Octobre 2017 : Bourse l’Oréal-UNESCO Pour les Femmes et la Science 2017

Amandine Molliex, post-doctorante à l’Institut Jacques Monod est lauréate de la Bourse l’Oréal-UNESCO Pour les Femmes et la Science 2017. La Fondation L’Oréal a remis à 30 jeunes femmes scientifiques au parcours d’excellence une bourse (15 000€ pour les doctorantes et 20 000€ pour les post-doctorantes) afin de les accompagner à un moment charnière de leur carrière.

Le Jury, présidé par le Professeur Sébastien Candel, Président de l’Académie des sciences, a sélectionné parmi plus de 1 000 candidates, 20 doctorantes et 10 post-doctorantes, dans divers domaines scientifiques. Toutes ont en commun l’excellence de leurs projets, et la volonté de partager leur passion auprès du plus grand nombre. Une génération de jeunes chercheuses qui chaque jour apporte sa pierre à l’édifice de la science de demain.

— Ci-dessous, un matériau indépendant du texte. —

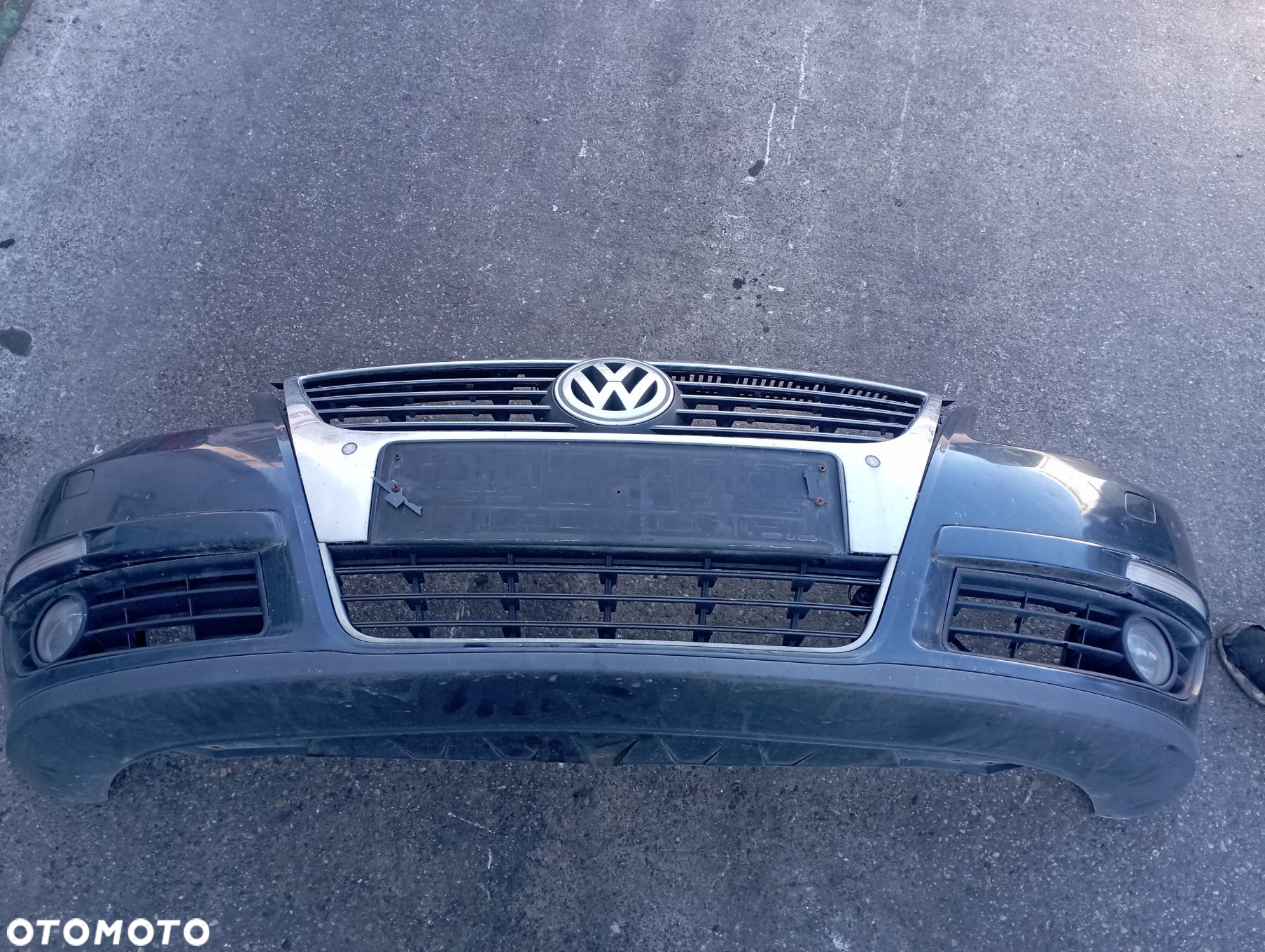 ZDERZAK PRZÓD

 VOLKSWAGEN
 PASSAT B6 LC5F - 2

C’est lors de l’événement « Génération Jeunes Chercheuses », conférence interactive rythmée de présentations inspirantes, de tables rondes et d’interviews, que la recherche d’Amandine, post-doctorante à l’Institut Jacques Monod a été récompensée avec la remise des bourses 2017 L‘Oréal-UNESCO Pour les Femmes et la Science en partenariat avec l’Académie des sciences et la Commission nationale française pour l’UNESCO.

La Sclérose Latérale Amyotrophique (SLA), ou maladie de Charcot, maladie neurodégénérative, affecte aujourd’hui 5 000 à 7 000 patients en France(1). En recherche médicale, certaines maladies neurodégénératives, ainsi que différentes formes de cancers de l’enfant, sont associées à la production d’une protéine particulière, appelée « senataxin », dont la fonction biologique et le rôle restent à élucider. C’est le sujet de recherche sur lequel travaille Amandine Molliex, post-doctorante à l’Institut Jacques Monod de l’Université Paris-Diderot au sein de l’équipe Métabolisme et fonction de l’ARN dans le noyau. Jeune étudiante brillante, Amandine, après une thèse à Memphis aux Etats-Unis, a décidé de revenir en France pour poursuivre sa carrière. Son laboratoire étudie depuis quelques années la protéine Sen1 chez la levure, homologue à la protéine senataxin conservée chez l’homme. Amandine a commencé à travailler sur les cellules humaines. L’ARN, lorsqu’il est « codant », est un support intermédiaire des gènes pour synthétiser les protéines dont les cellules ont besoin pour assurer leurs fonctions. Mais beaucoup d’autres ARN peuvent être « non-codants ». Lorsque la production de ces derniers n’est pas contrôlée, ils peuvent interférer avec l’ARN codant une protéine par exemple. C’est ce phénomène potentiellement dangereux pour la cellule, « la transcription cachée » (ou pervasive), que la jeune scientifique cherche à analyser pour un jour concevoir des traitements pour lutter contre ces maladies neurodégénératives. « Notre but est d’étudier le mécanisme d’action de senataxin au niveau moléculaire et d’élucider son possible rôle dans la terminaison de la transcription d’ARN non codants chez l’homme ».